[Requirement] Your answer must be the exact lines from the one holding "בית מלון כפרי La Ferme De La Sensée" through the end of the entries, with no pictures.

(Image-text web data)
==*==

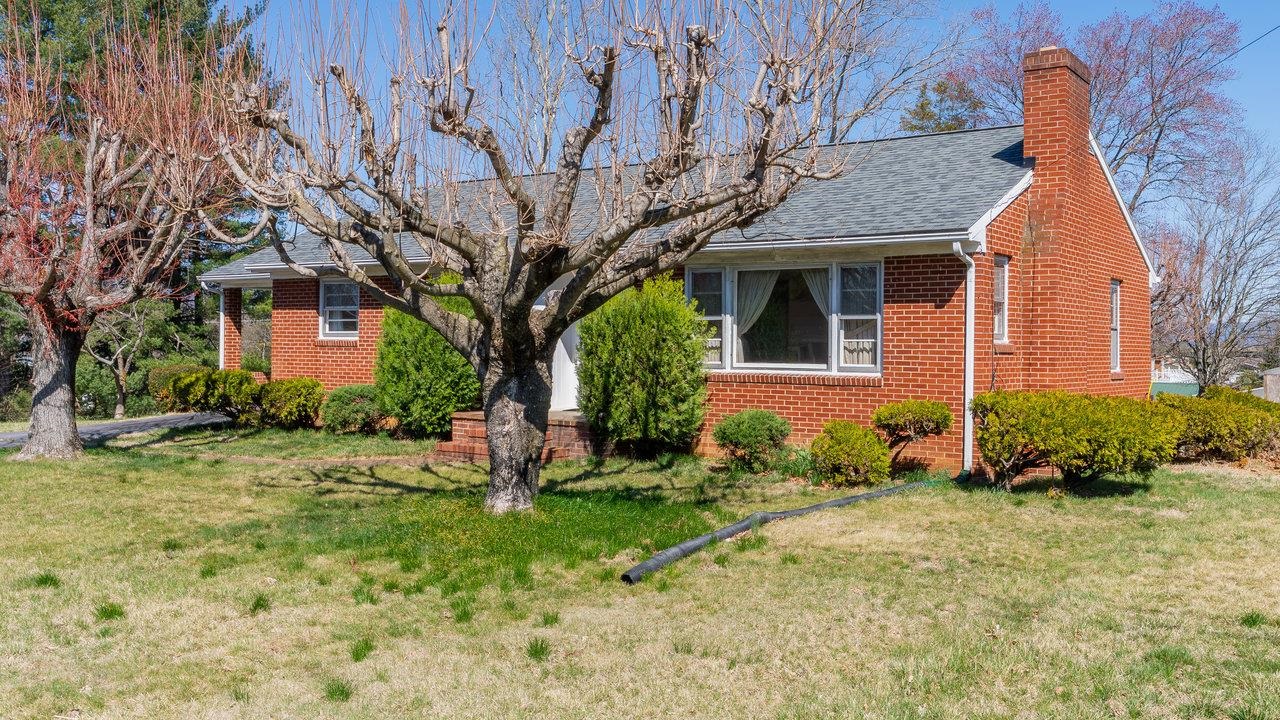 338 FAIRFAX AVE, ELKTON, Virginia 22827, 3 Bedrooms Bedrooms, ,1 BathroomBathrooms,Residential,338 FAIRFAX AVE,663390 MLS # 663390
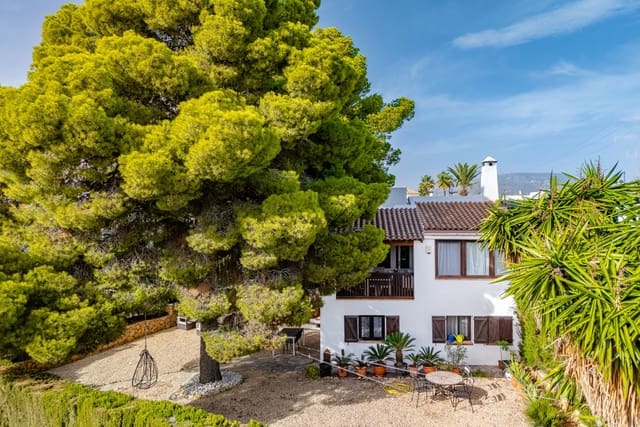 5 makuuhuone Omakotitalo myytävänä paikassa La Nucia - 350 000 € (Ref: 9410721)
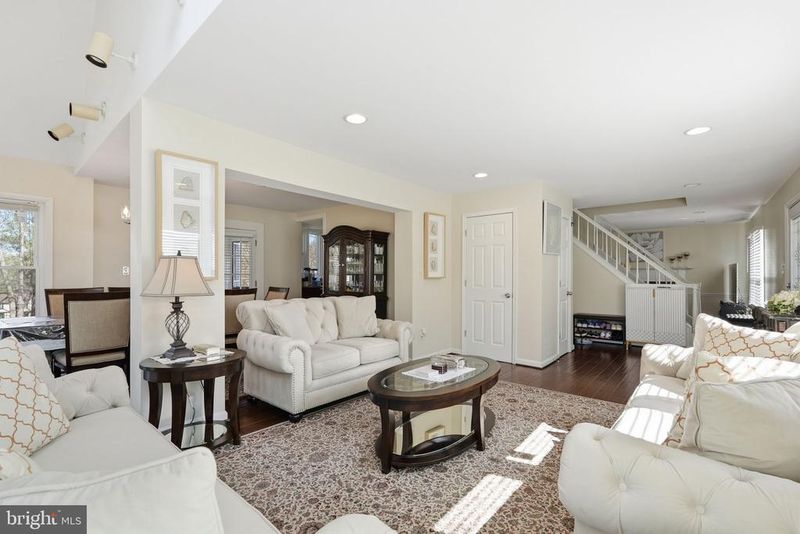 721 Upham Pl NW, Vienna, VA 22180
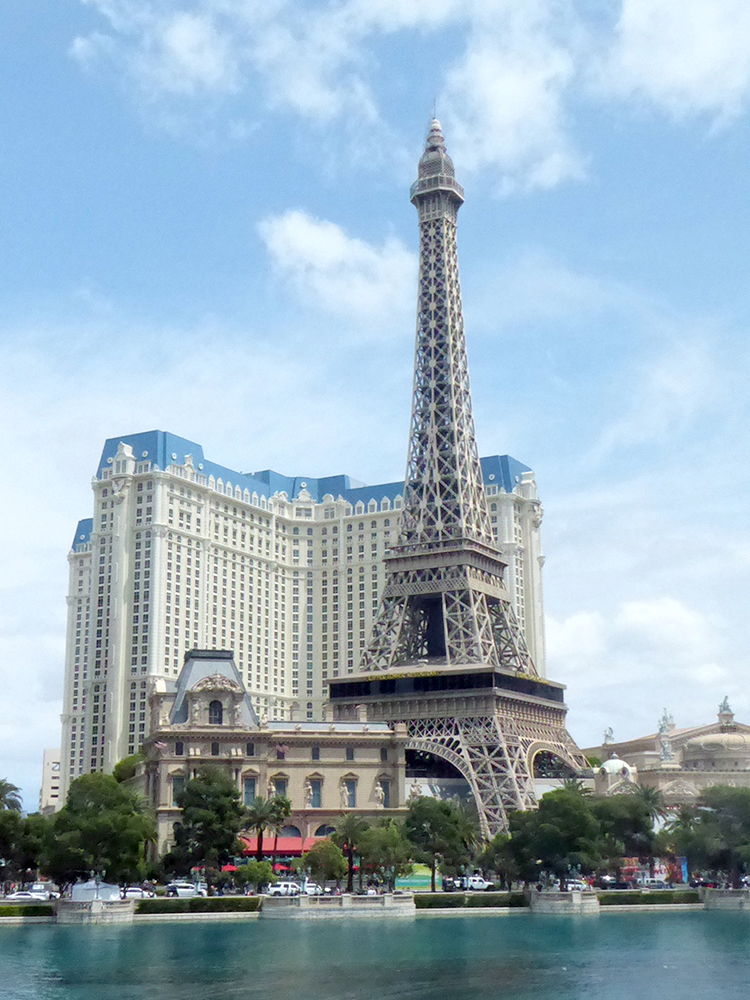 エッフェル塔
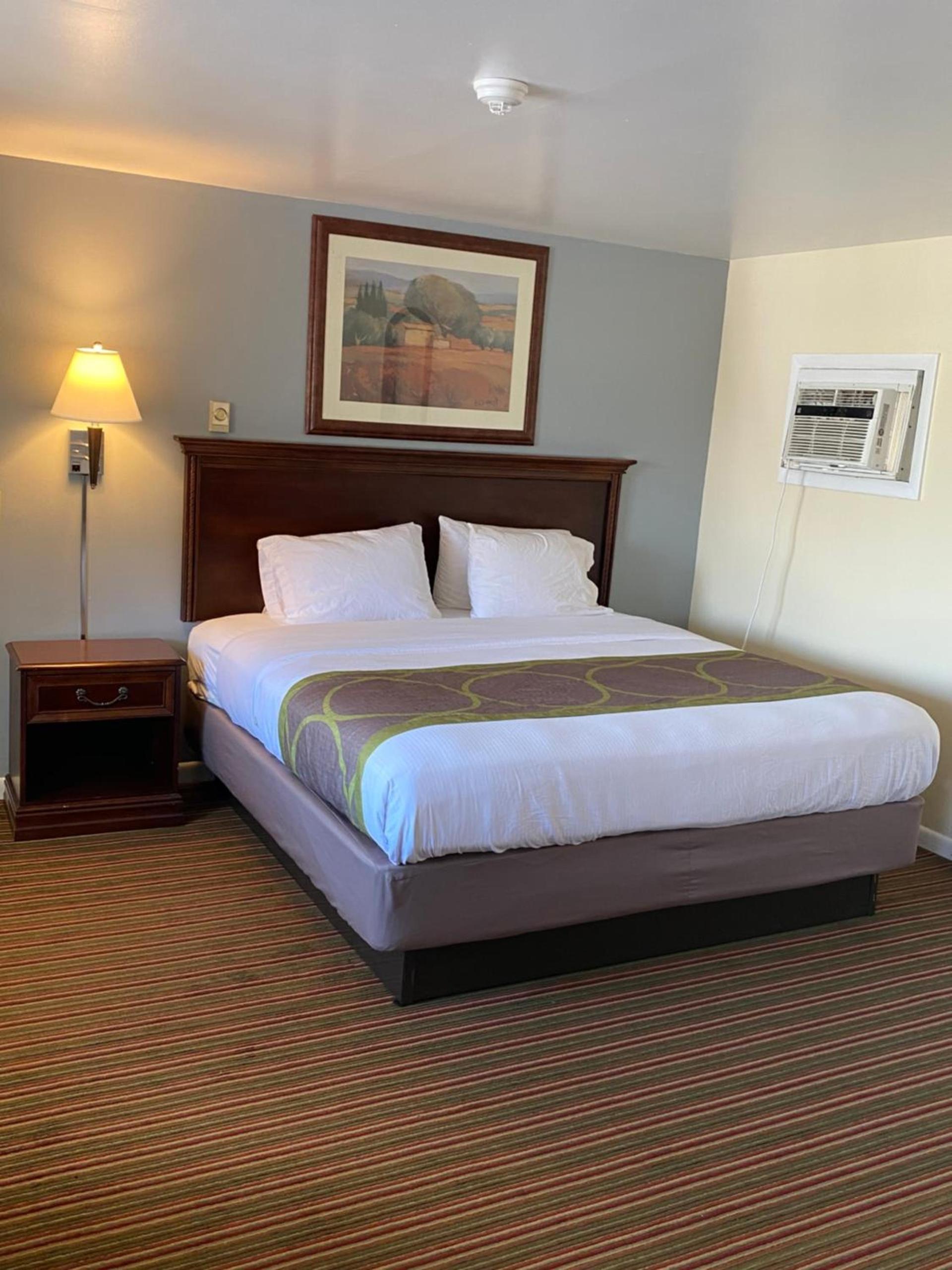 Relax Inn photo 2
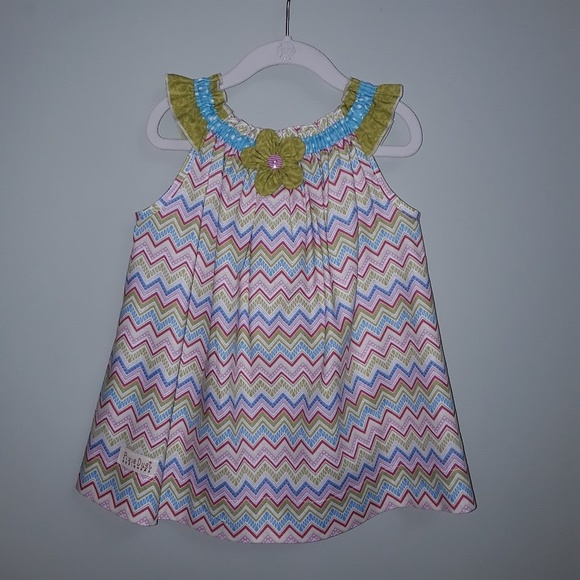 Life is a flutter summer dress size 2 - Picture 2 of 3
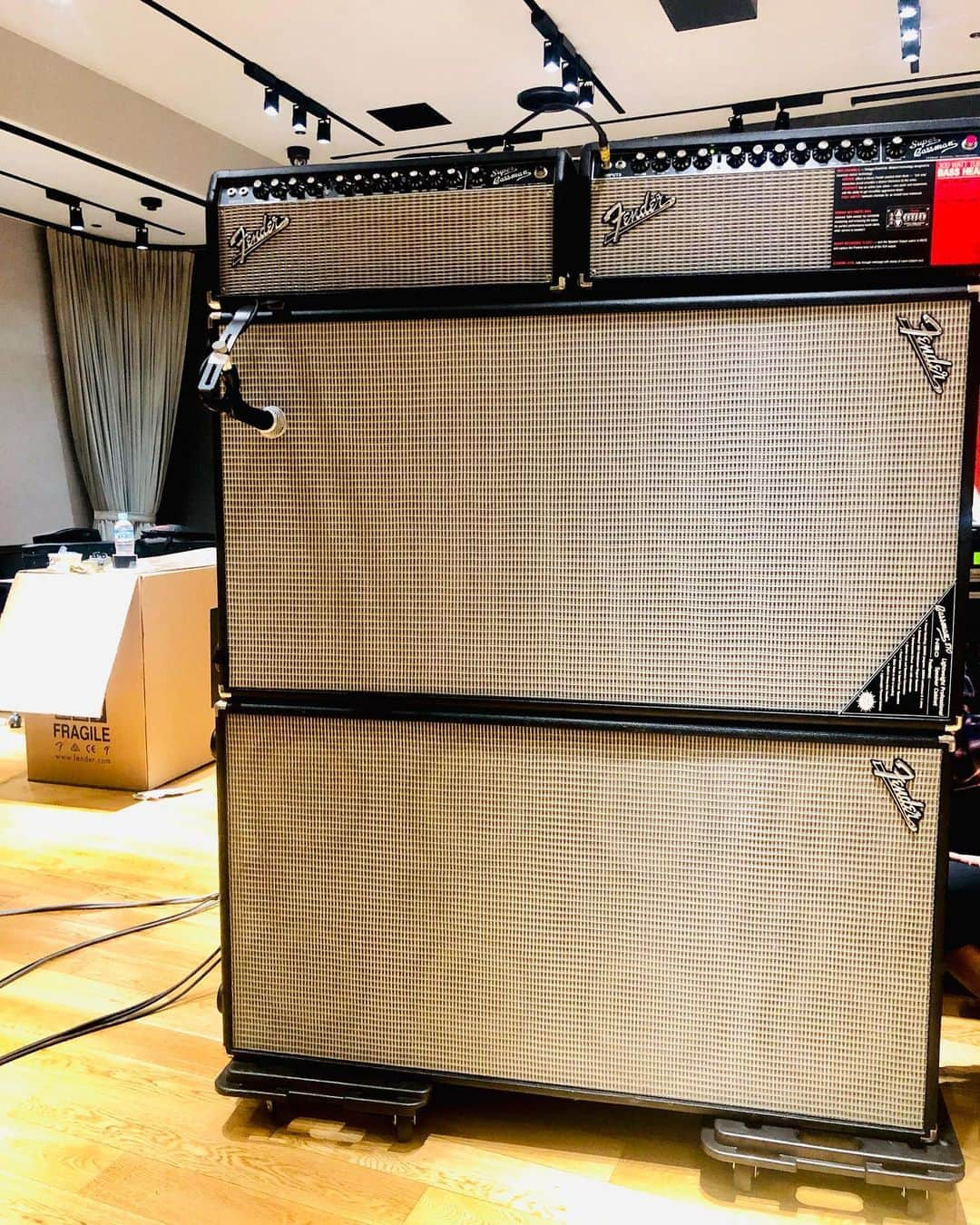 辻村勇太さんのインスタグラム写真 - (辻村勇太Instagram)「最近メインで使ってる Fender Bassman！！2セットあったのでせっかくなので横にして16発キャビで出してみた。。 気持ちいいけど見た目と音の存在感ありすぎて却下！！ ライブハウスでやったら完全に音の暴力。笑  アンプ自体は嫁(62jazzbass)との相性最強説！！ ここからホールツアーに向けて更に音も技術も磨いていくからね！！ 楽しみにしててねん！！ #bass #bassist #fender #fenderbass #fenderbassman  #tdc」5月24日 17時04分 - yuuta.tsujimura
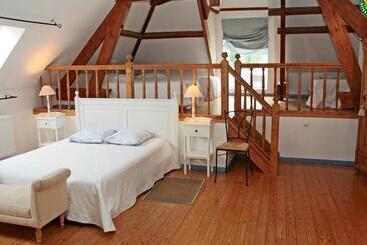 בית מלון כפרי La Ferme De La Sensée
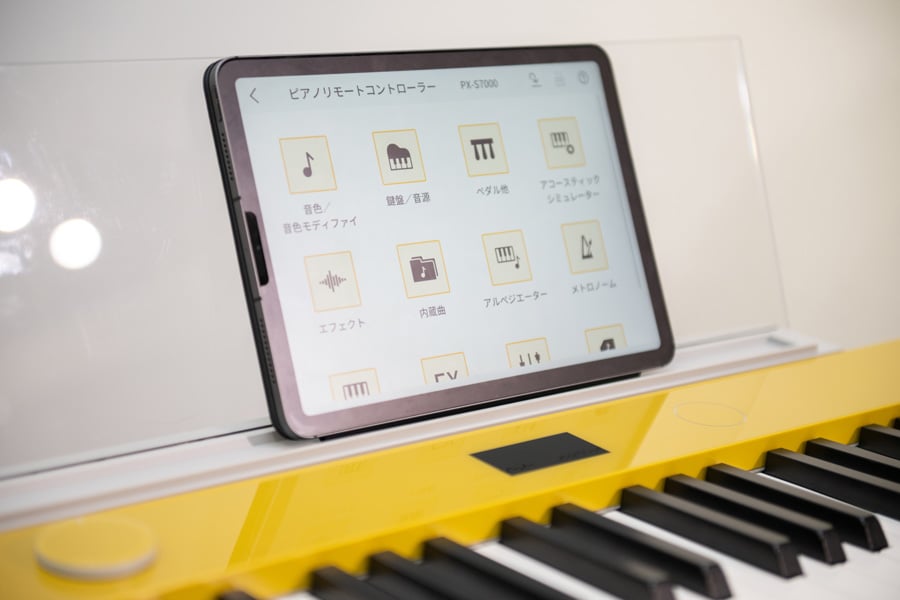 Bluetoothに接続して、カシオのデジタルピアノ・キーボードユーザーのための専用アプリ「CASIO MUSIC SPACE」を使えば各種設定を簡単に操作できる。好きな曲をかけながらバンド気分やオーケストラ気分でピアノを弾くというような楽しみ方も可能だ。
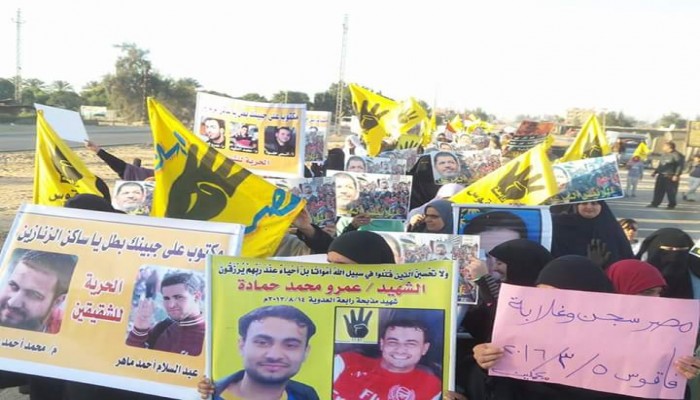 الشرقية : أحرار فاقوس يواصلون تظاهرات "مصر سجن وغلابة"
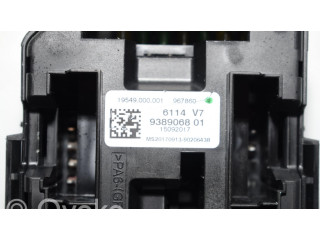 Pojistková skříňka 9389068 BMW 4 F36 Gran coupe 2017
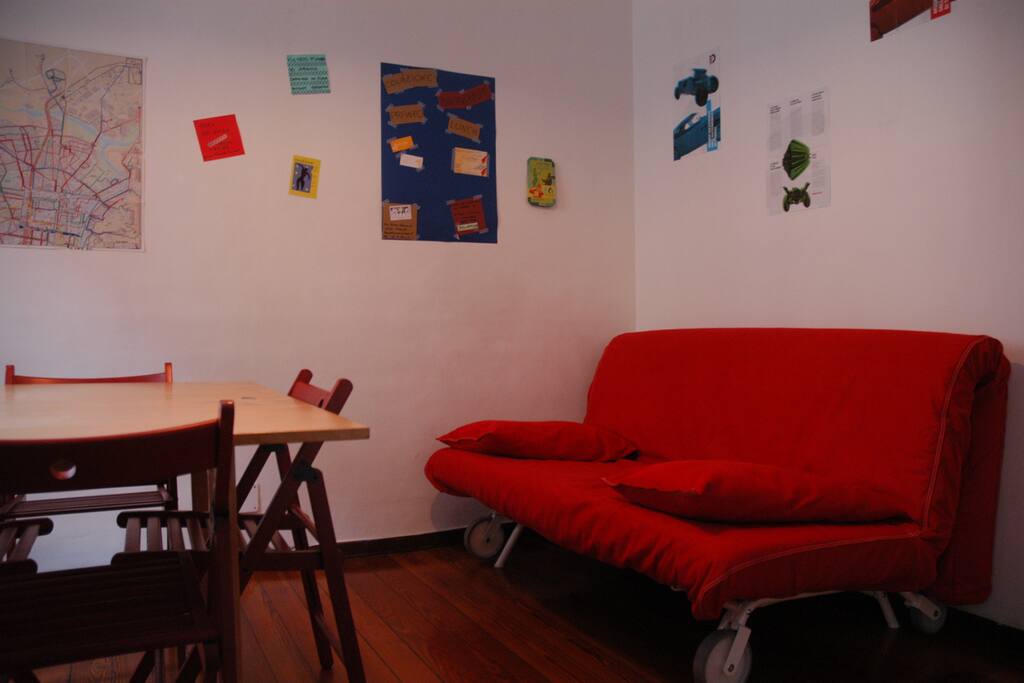 The red sofa (becomes a 160*200 cm bed)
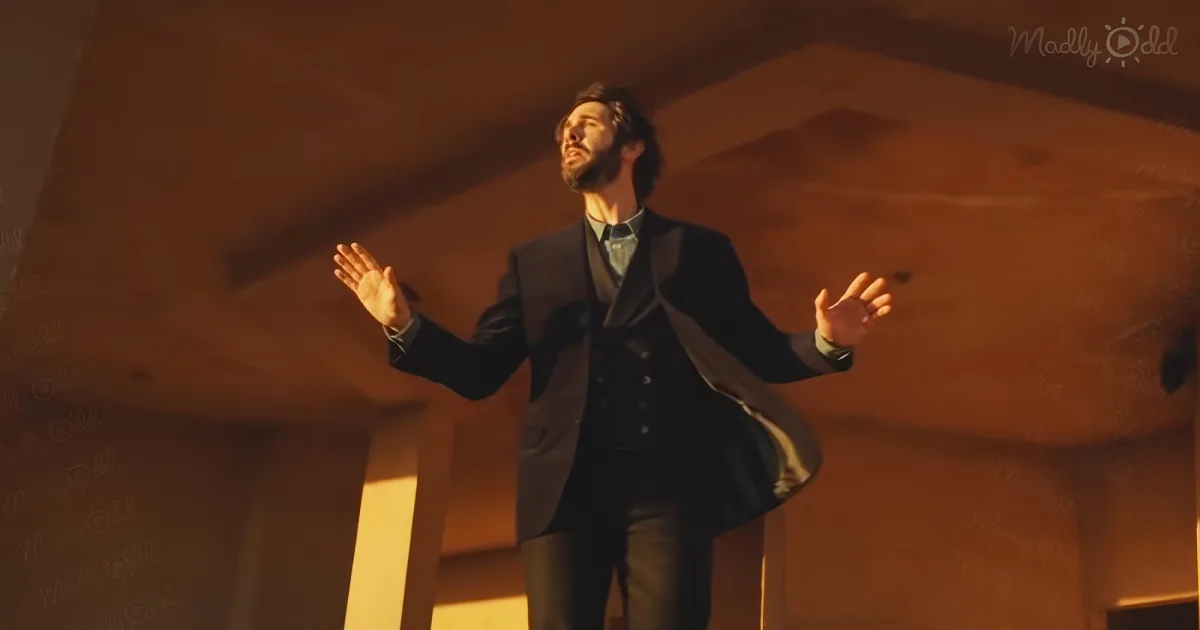 Josh Groban singing ‘Angels’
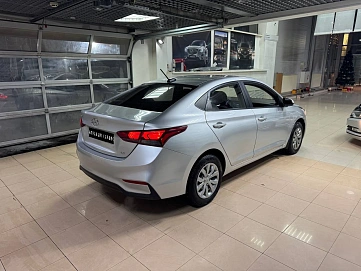 Hyundai Solaris, 2019г, передний привод, автомат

==*==

[Response]
 בית מלון כפרי La Ferme De La Sensée
 Bluetoothに接続して、カシオのデジタルピアノ・キーボードユーザーのための専用アプリ「CASIO MUSIC SPACE」を使えば各種設定を簡単に操作できる。好きな曲をかけながらバンド気分やオーケストラ気分でピアノを弾くというような楽しみ方も可能だ。
 الشرقية : أحرار فاقوس يواصلون تظاهرات "مصر سجن وغلابة"
 Pojistková skříňka 9389068 BMW 4 F36 Gran coupe 2017
 The red sofa (becomes a 160*200 cm bed)
 Josh Groban singing ‘Angels’
 Hyundai Solaris, 2019г, передний привод, автомат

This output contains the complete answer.